Attachment: Viral glycoproteins bind to specific receptors on the animal cell membrane, determining host specificity.
Entry: Two main mechanisms:
Membrane fusion: Enveloped viruses fuse with the host membrane, releasing the nucleocapsid into the cytoplasm.
Endocytosis: Virus is engulfed by the cell and enters via vesicles; uncoating releases the genome.
Uncoating: Viral capsid is removed, exposing the genome.
Synthesis: Viral genome is replicated and viral proteins are synthesized. The process depends on the type of viral genome (DNA, RNA, positive-sense, negative-sense).
Assembly: New virions are assembled from synthesized components.
Release: Two main mechanisms:
Budding: Enveloped viruses acquire their envelope from the host cell membrane as they exit.
Cell lysis: Non-enveloped viruses are released by host cell rupture.
Central dogma: Normal flow of genetic information is DNA → RNA → Protein. Some viruses (e.g., retroviruses) reverse this flow using reverse transcriptase.

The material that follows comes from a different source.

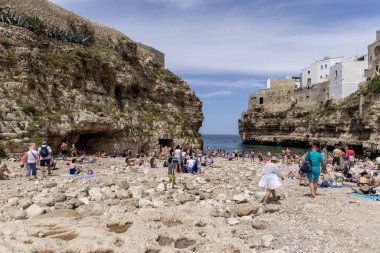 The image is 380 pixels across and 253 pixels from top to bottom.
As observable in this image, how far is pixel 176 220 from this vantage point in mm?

Cultivation and Quantitation of Viruses
Cell cultures: Viruses are grown in living cells (animal, plant, or bacterial cultures).
Cytopathic effects (CPE): Observable changes in host cells due to viral infection (e.g., cell rounding, detachment, lysis).
Viral growth curve: Describes the phases of viral replication (eclipse, maturation, release).
Plaque assay: Quantifies infectious virus particles by counting clear zones (plaques) formed on a cell monolayer.
Direct counts: Physical counting of virus particles using electron microscopy or other methods.
Viroids
Viroids are small, circular, single-stranded RNA molecules that infect plants. They lack a protein coat and do not encode proteins, yet can cause significant plant diseases by interfering with host gene expression.
Prions and Transmissible Spongiform Encephalopathies (TSEs)
Prions: Infectious proteins that lack nucleic acids. They cause disease by inducing abnormal folding of normal host proteins.
Transmissible spongiform encephalopathies (TSEs): A group of fatal neurodegenerative diseases caused by prions (e.g., Creutzfeldt-Jakob disease, mad cow disease).
Propagation mechanism: Prions convert normal cellular prion protein (PrPC) into the misfolded, disease-causing form (PrPSc), which accumulates in neural tissue.